→ **TASK REQUIREMENTS**: Scan the data for "with" and copy the lines it appears in.

THE DATA START

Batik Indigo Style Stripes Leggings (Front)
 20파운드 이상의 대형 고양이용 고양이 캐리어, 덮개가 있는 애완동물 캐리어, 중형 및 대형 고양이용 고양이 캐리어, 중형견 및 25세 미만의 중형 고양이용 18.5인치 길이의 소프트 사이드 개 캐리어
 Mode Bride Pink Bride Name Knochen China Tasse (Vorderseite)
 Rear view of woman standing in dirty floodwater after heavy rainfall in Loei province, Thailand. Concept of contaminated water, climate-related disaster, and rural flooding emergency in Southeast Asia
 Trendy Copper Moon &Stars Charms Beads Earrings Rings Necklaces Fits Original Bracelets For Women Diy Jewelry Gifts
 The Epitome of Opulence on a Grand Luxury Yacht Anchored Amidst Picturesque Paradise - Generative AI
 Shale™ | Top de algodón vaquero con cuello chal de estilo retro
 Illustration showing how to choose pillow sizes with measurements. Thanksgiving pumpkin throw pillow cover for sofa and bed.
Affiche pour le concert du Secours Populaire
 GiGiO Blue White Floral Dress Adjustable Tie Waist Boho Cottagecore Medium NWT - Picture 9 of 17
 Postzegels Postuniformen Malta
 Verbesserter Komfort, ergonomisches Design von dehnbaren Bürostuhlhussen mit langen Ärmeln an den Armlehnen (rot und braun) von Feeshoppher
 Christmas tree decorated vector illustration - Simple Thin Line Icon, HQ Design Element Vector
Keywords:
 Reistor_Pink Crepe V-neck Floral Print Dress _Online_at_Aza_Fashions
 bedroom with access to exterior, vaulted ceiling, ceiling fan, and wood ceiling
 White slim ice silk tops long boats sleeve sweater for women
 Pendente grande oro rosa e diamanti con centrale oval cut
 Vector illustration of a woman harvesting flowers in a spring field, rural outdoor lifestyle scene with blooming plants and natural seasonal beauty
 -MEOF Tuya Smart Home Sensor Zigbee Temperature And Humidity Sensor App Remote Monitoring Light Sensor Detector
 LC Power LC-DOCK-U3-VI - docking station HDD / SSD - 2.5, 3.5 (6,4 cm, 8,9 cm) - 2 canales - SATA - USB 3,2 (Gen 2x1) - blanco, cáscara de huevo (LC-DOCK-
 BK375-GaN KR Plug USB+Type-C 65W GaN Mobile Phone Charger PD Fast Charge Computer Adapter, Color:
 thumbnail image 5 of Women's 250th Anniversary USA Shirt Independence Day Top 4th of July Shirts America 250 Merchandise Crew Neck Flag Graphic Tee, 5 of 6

THE DATA END

→ **EXERCISE RESULT**:
 Illustration showing how to choose pillow sizes with measurements. Thanksgiving pumpkin throw pillow cover for sofa and bed.
 bedroom with access to exterior, vaulted ceiling, ceiling fan, and wood ceiling
 Vector illustration of a woman harvesting flowers in a spring field, rural outdoor lifestyle scene with blooming plants and natural seasonal beauty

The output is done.